Letting go

"You are only responsible for the choices that you make", these are the gentle words I heard in my heart several years ago as I laid prostrate on my living room floor. The weeks preceeding this gentle message from the Lord were filled with worry and concern over some decisions that a family member had made. In my desire to see them have what I felt was God's best, I panicked when I saw them making decisions that would not have positive consequences...or at least in my perspective. I cried out to God day by day asking Him to change their minds, put up a roadblock, open their eyes, etc, etc. I was allowing myself to get so worked up over the situation until I actually began to feel physically ill.

You may read this and say, "Boy this chick has some real issues!" but for the sake of clarity and before you label me a lunatic or a manic depressant, let me explain. In a rapid sucession, I had lost one of my closest friends, my daughter-in-law's parents, both my parents, my closest cousin and then my beloved husband. The passing of these people was preceeded by their illnesses, in some cases, long term. It was like the rug was pulled out from under me and I was left standing in the midst of uncertainty. Now don't get me wrong, I knew God was with me, and that He loved me very, very much, but let's just say that I felt "whupped". (smile)

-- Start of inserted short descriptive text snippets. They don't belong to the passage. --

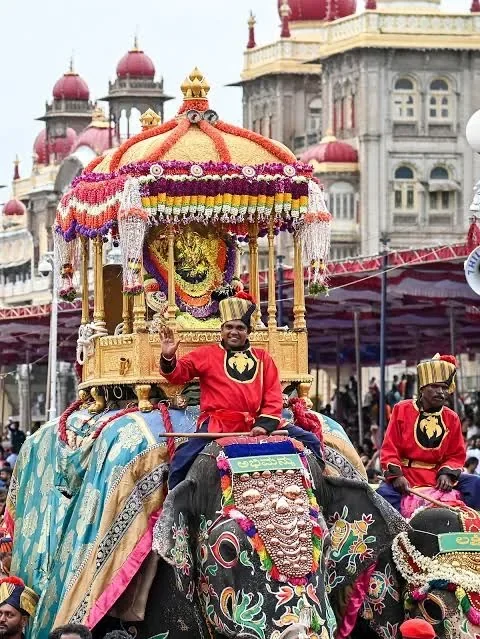 Elephant carrying the golden howdah during the Jumboo Savari procession at Mysuru Dasara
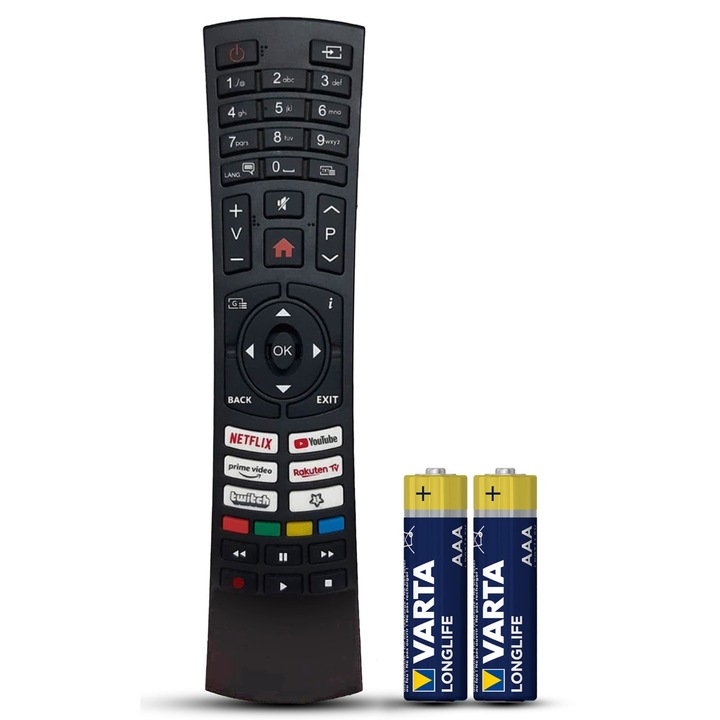 Telecomanda compatibila Wellington, WL43UHDV296SW, WL50UHDV296SW, WL55UHDV296SW, butoane dedicate Youtube, Netflix, Prime Video, TEMIX®, baterii incluse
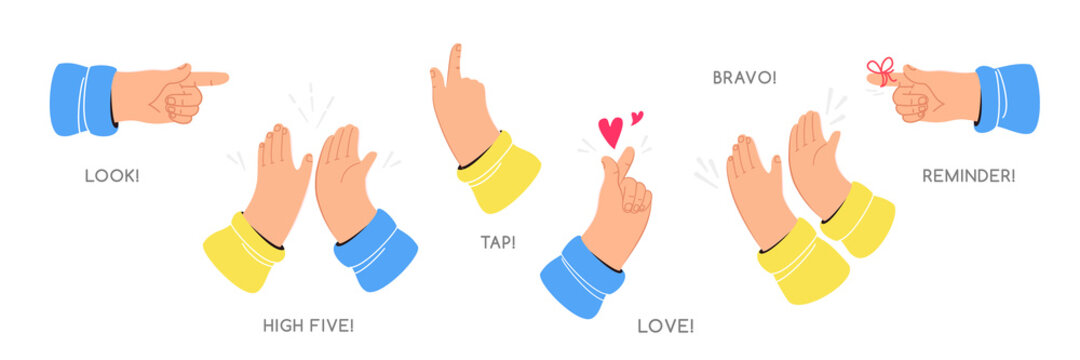 Human hands are gesturing, giving a high-five, pointing, tapping, clapping and reminding. Set of flat vector illustrations of high five, reminder, touch, applause and heart gesture isolated on white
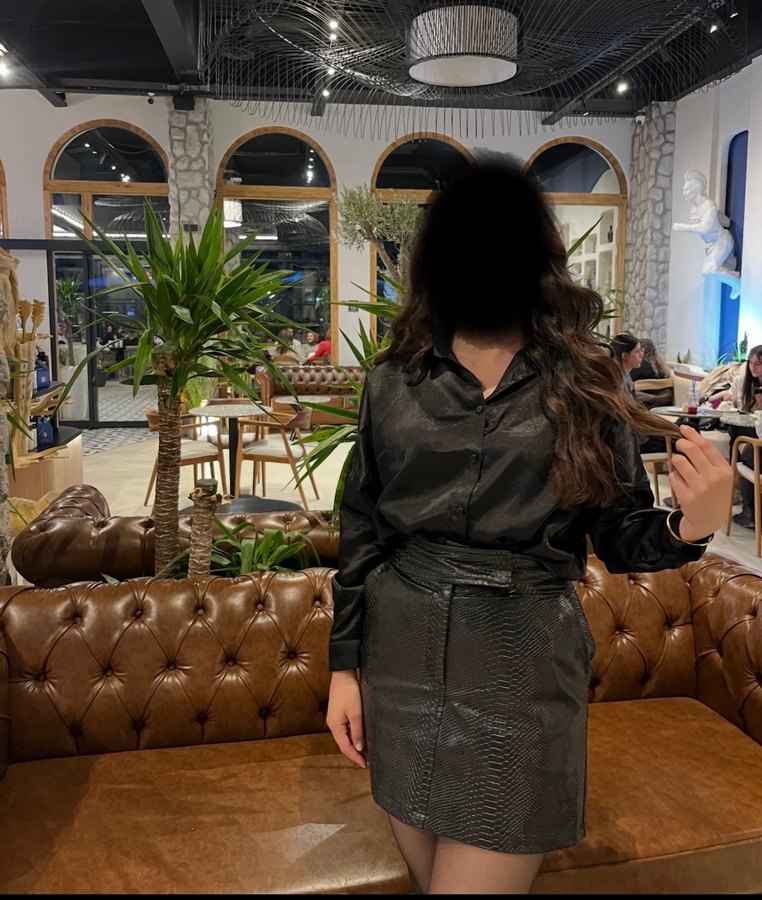 Siyah Yılan Derisi Desenli Deri Mini Etek - Görsel 2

It was not long after this and during the process of my emotional healing journey that the situation that I mentioned above came into play. I had worked myself into such a worry about my family member until I could not see straight...until the Lord spoke to me that "you are only responsible for the choices that you make". simple yet so powerful to me.

I was worrying about something that I had nothing to do with. When we make decisions (right or wrong)then we become responsible for whatever consequences come from it. But we cannot take that responsibilty from another adult. If they decide to do something, even after they have been warned, then they are saying I accept whatever may come of this.

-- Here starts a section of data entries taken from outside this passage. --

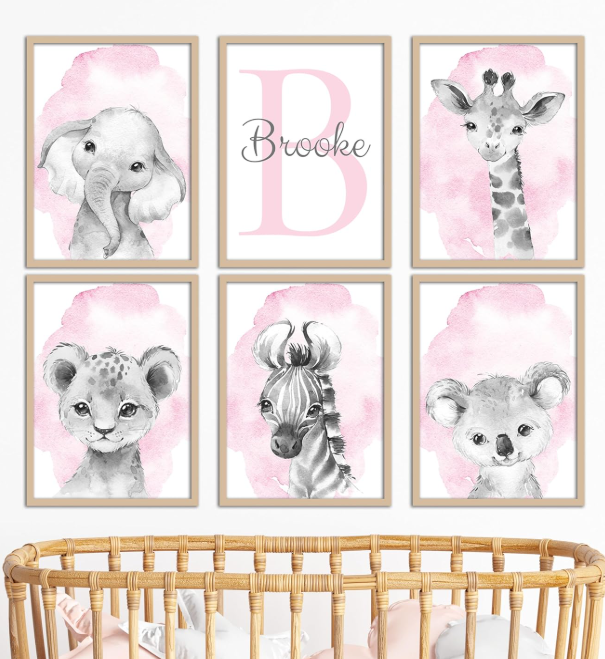Adorable Safari Animal Nursery Prints – Personalized Wall Art for Baby Girls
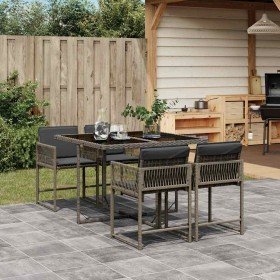 Set comedor de jardín 5 piezas con cojines ratán sintético gris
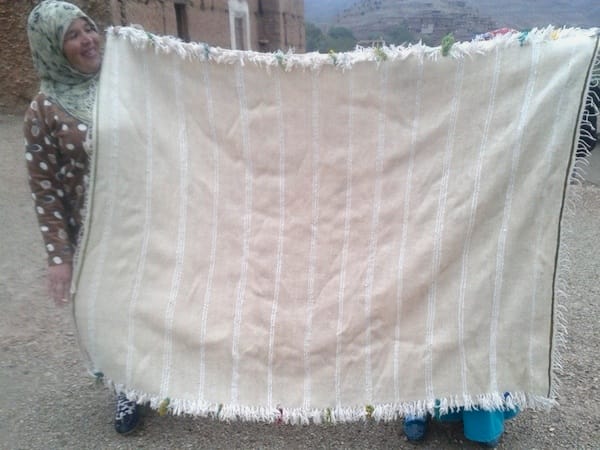 Wedding Blanket Wool String White Morocco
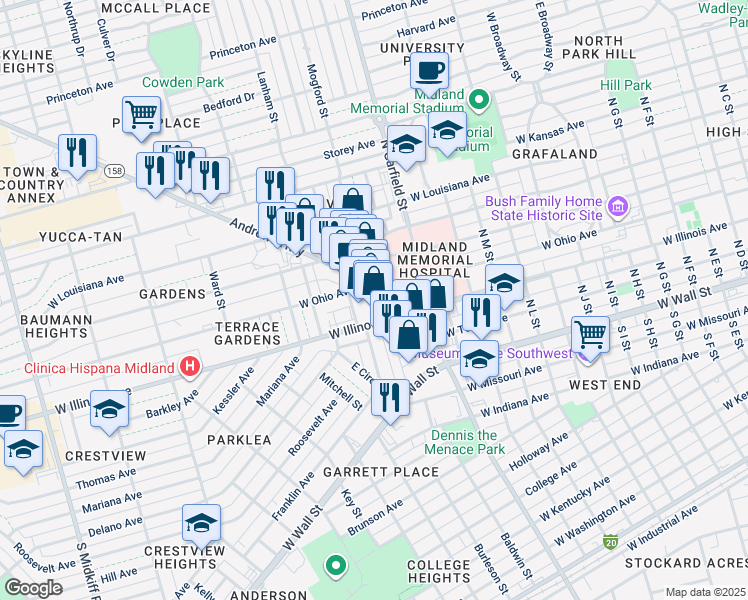map of restaurants, bars, coffee shops, grocery stores, and more near 1601 West Wall Street in Midland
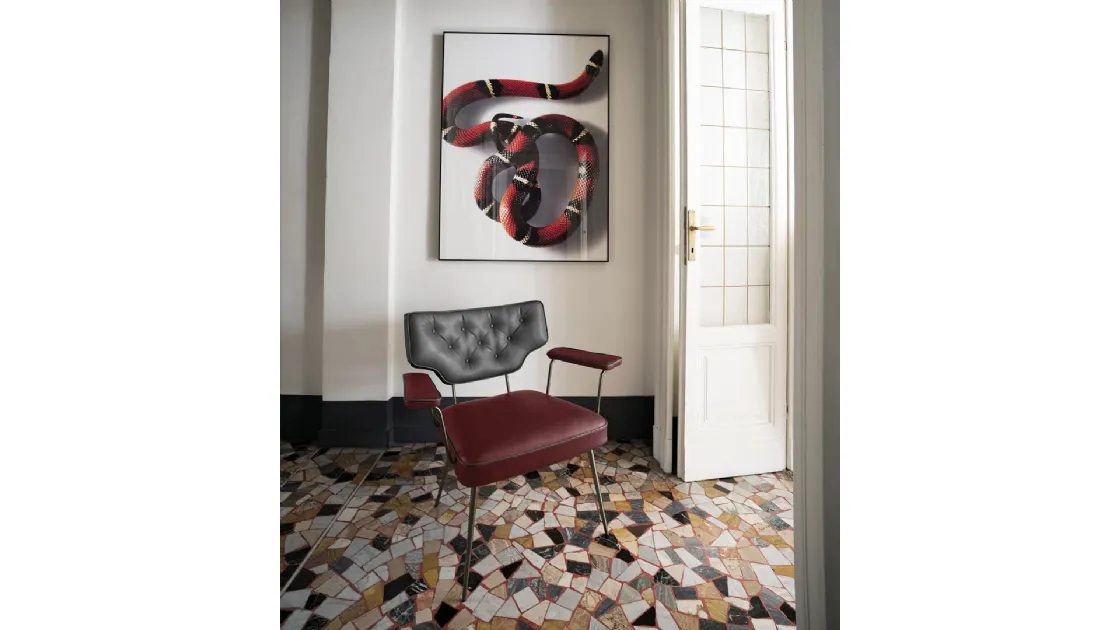 Poltroncina in pelle e tessuto Twiggy di Arketipo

A good example of this is I Samuel 8 and 9. The people wanted a king, God warned them, but they insisted on getting a king; so bascially God gave them what they wanted. And we know the rest of the story about King Saul.

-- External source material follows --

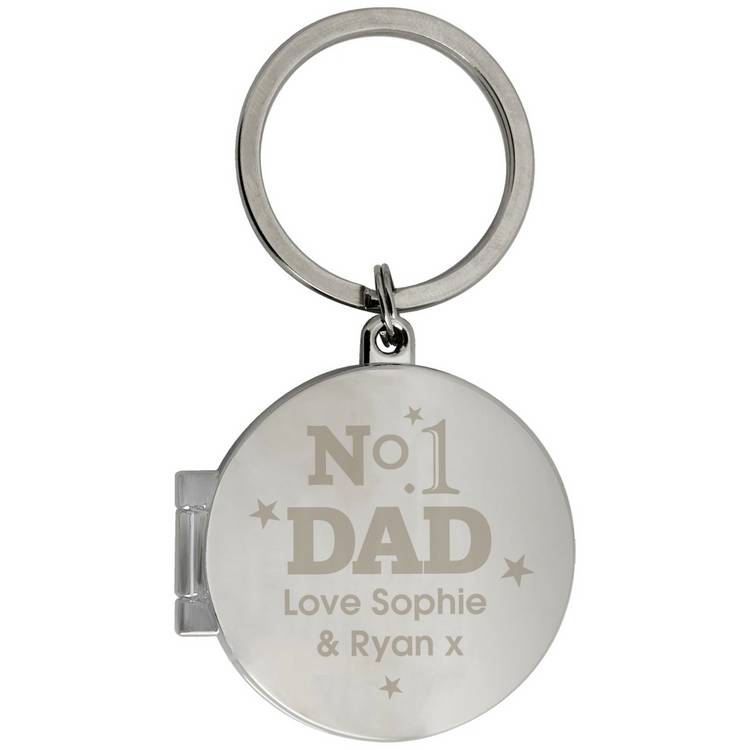 Personalised No.1 Dad photo keyring silver finish (British brand)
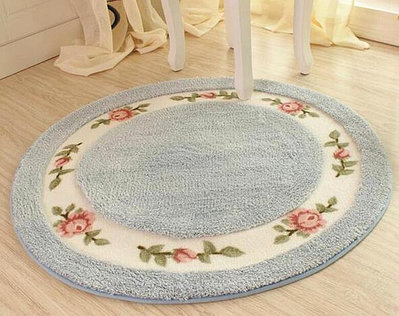 田園玫瑰花圓形地毯地墊客廳門廳床邊地毯書桌化妝臺化妝椅墊子毯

I had to learn through those simple words spoken to me that day that God will allow us to make wrong decisions. So I have to allow those that I love to do the same. God in His love and mercy is always there waiting to "pick up the pieces" of our bad consequences. And so instead of worrying about other people's choices, I should pray that God will give them wisdom and leave the rest to Him. Letting go can be so very hard but aaahh I feel so much better now...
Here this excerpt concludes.